* YOUR INSTRUCTIONS: In the records below, the lines between the one holding "Güvençer, kapama meyve bahçesini gezdi" and the one holding "New 2026 Kia Niro Wind FWD image 11", inclusive, are to be transcribed exactly; no pictures are to be included.

[[ SUPPLIED MATERIAL, beginning ]]

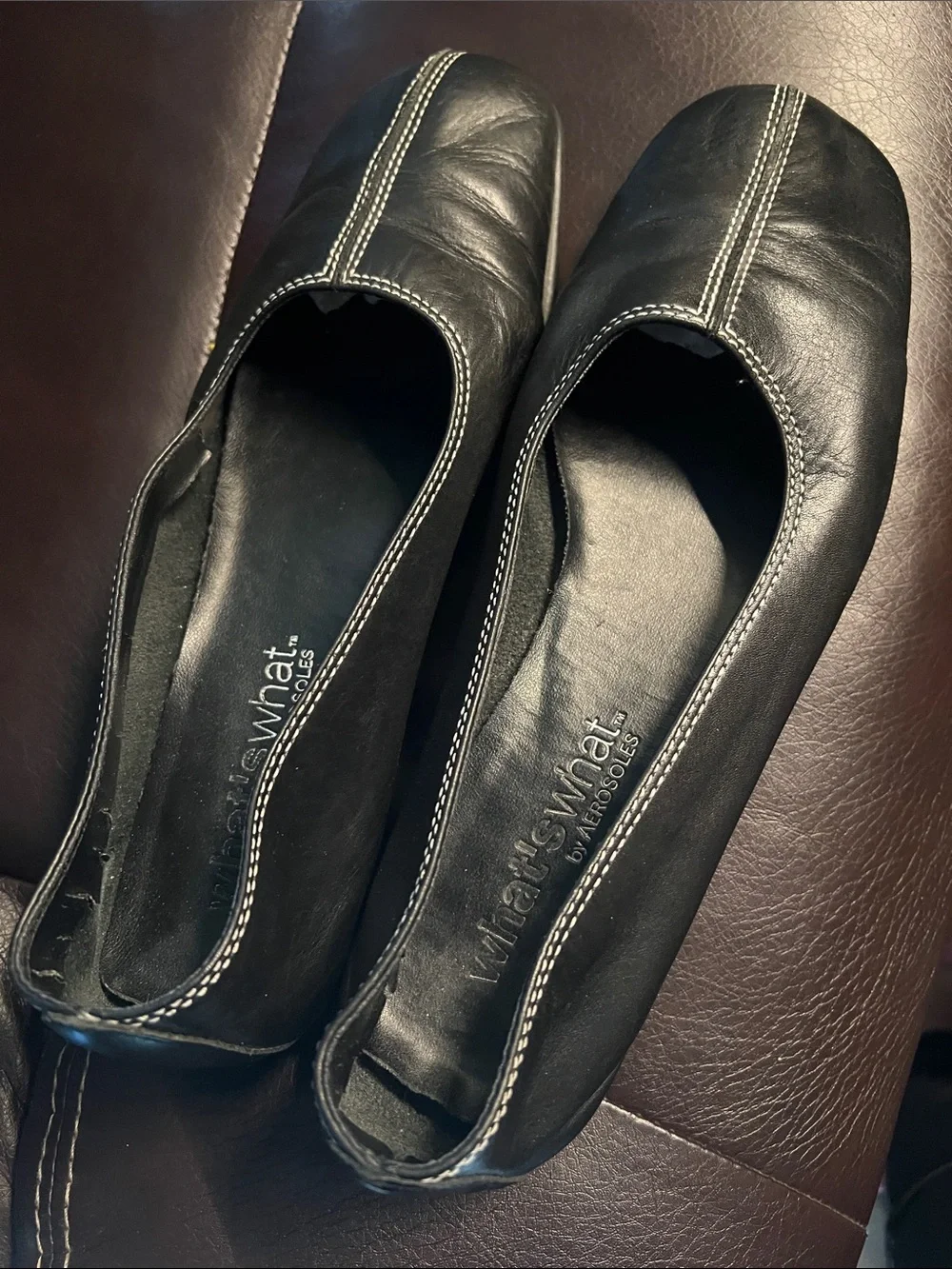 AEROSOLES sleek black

[[ SUPPLIED MATERIAL, end ]]
[[ SUPPLIED MATERIAL, beginning ]]

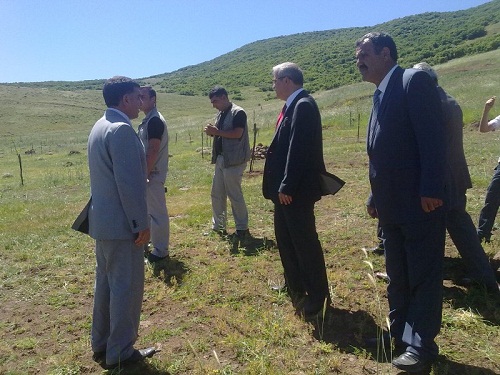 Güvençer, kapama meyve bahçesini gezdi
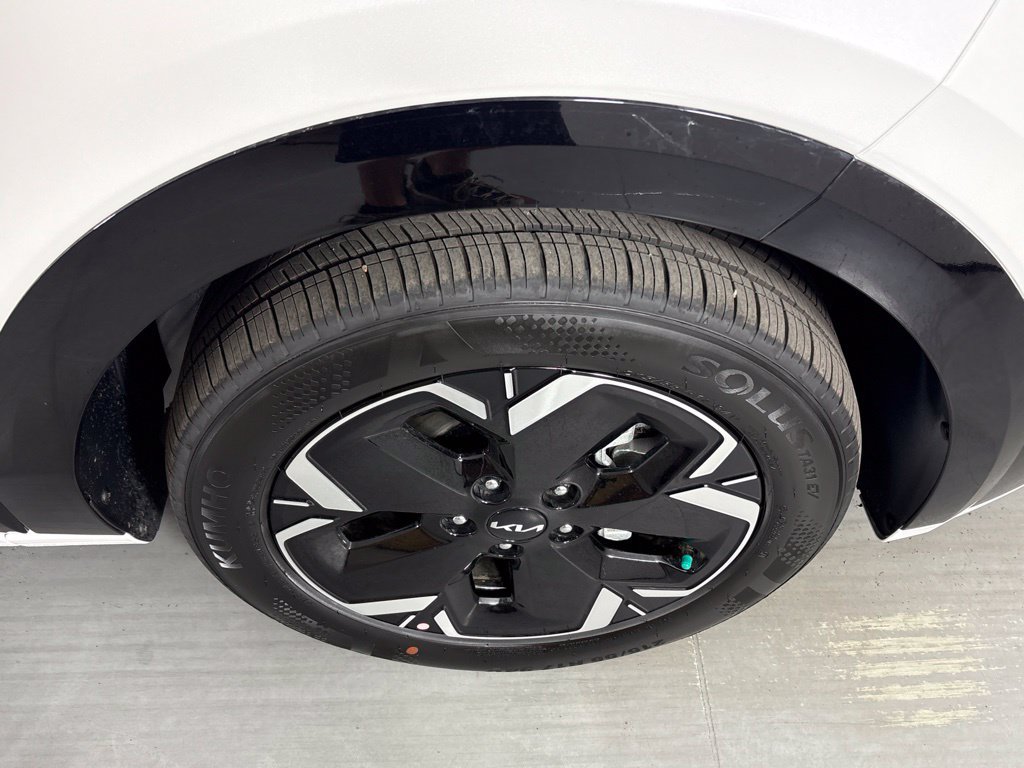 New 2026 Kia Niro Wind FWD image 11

[[ SUPPLIED MATERIAL, end ]]

* EXPECTED ANSWER:
 Güvençer, kapama meyve bahçesini gezdi
 New 2026 Kia Niro Wind FWD image 11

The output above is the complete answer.